Activity.
With the pictures removed, reproduce exactly the lines from the one that contains "#ナナニジ3rd https://t.co/Jn5LhRE3c8" through the last line of the entries below.

[Input material — start]

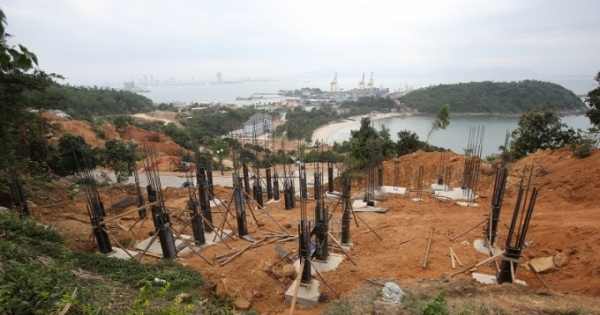 Không có chuyện tái xây dựng trở lại trên bán đảo Sơn Trà
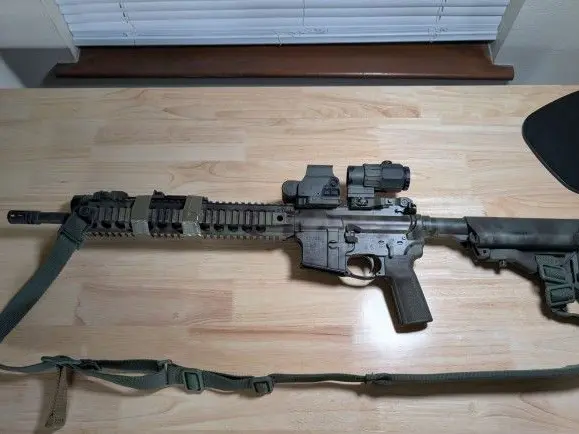 AR15 with EOTECH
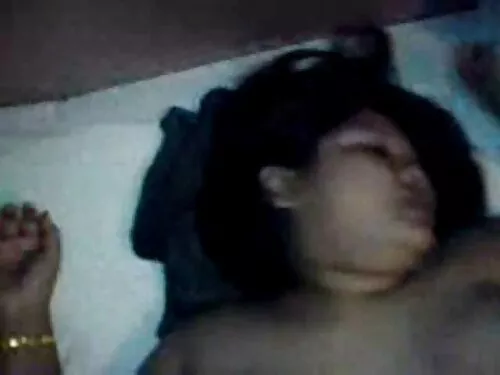 ट्याटु बनाइएको बेब स ...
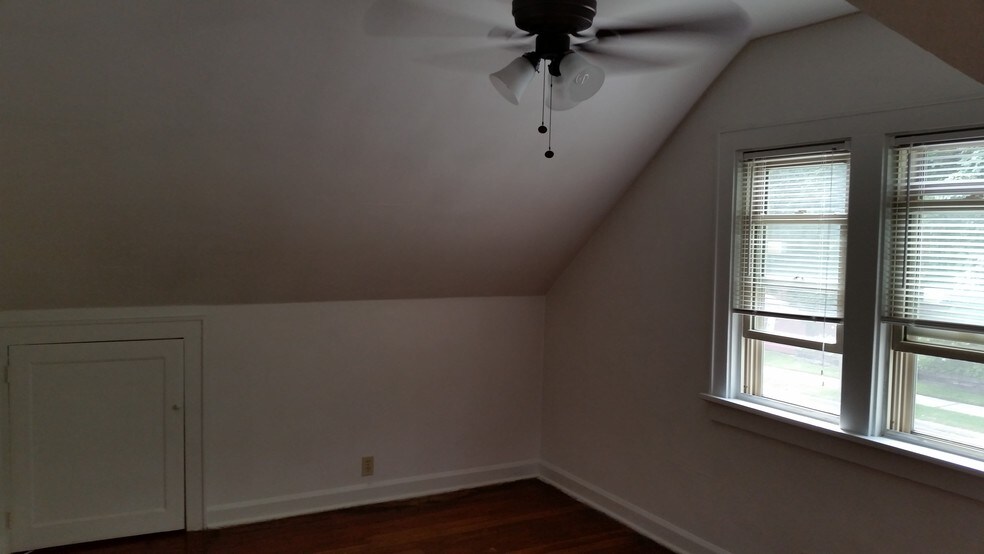 Bedroom - 3132 N Weil St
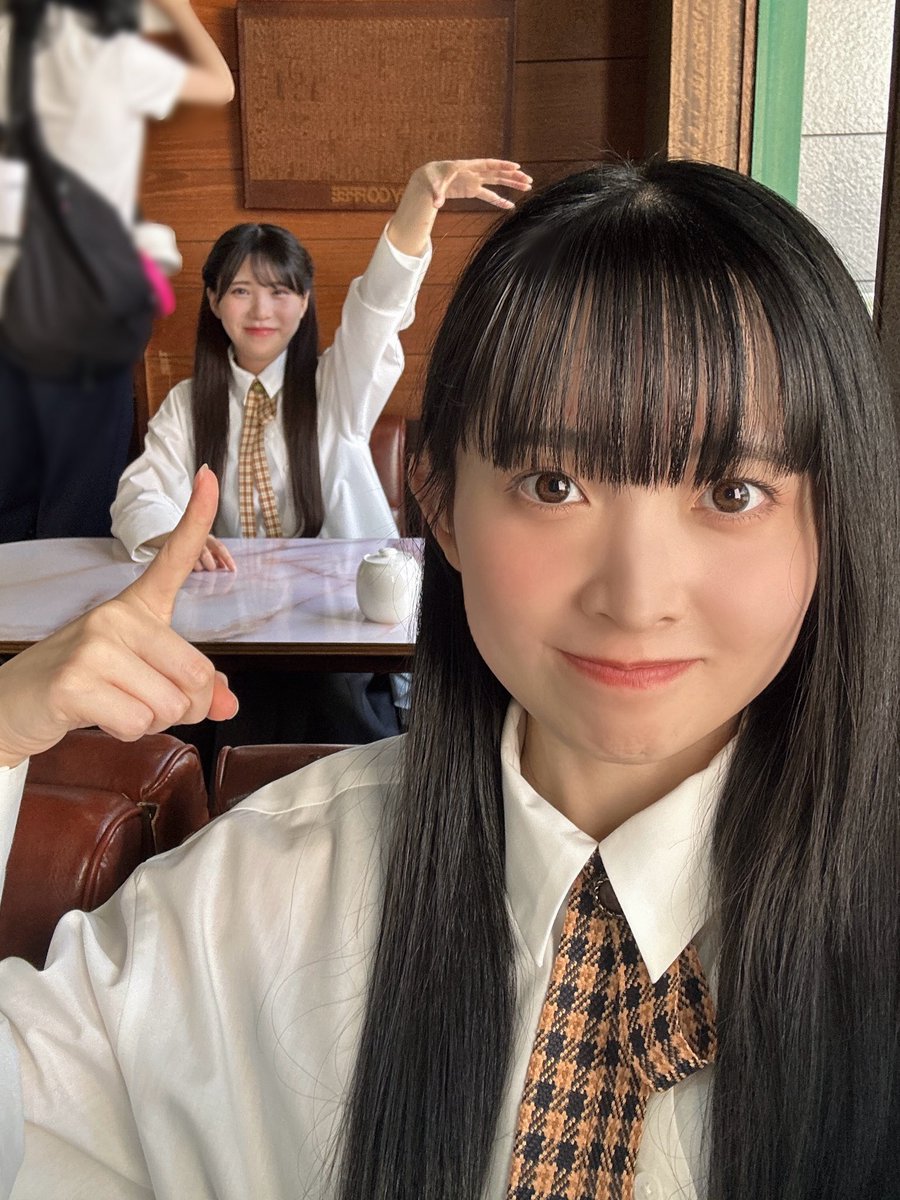 alice__kurosaki's tweet photo. 私の頭を掴もうとする
ちっちゃいまにゃ🧚‍♀️.*･ﾟ　

#ナナニジ3rd https://t.co/Jn5LhRE3c8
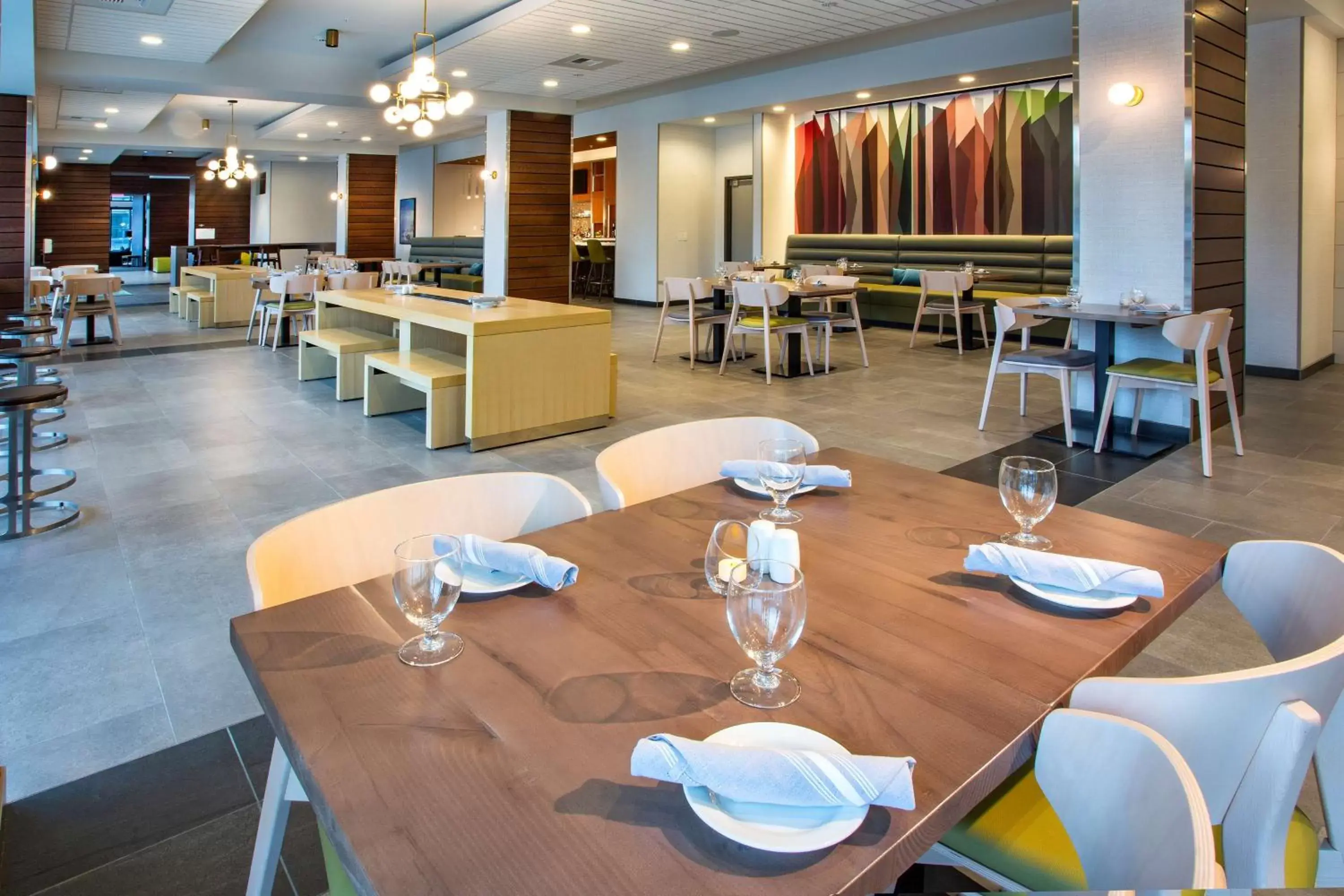 Restaurant/Places to Eat in Hilton Garden Inn Redmond Town Center, Wa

[Input material — finish]

Solution.
#ナナニジ3rd https://t.co/Jn5LhRE3c8
 Restaurant/Places to Eat in Hilton Garden Inn Redmond Town Center, Wa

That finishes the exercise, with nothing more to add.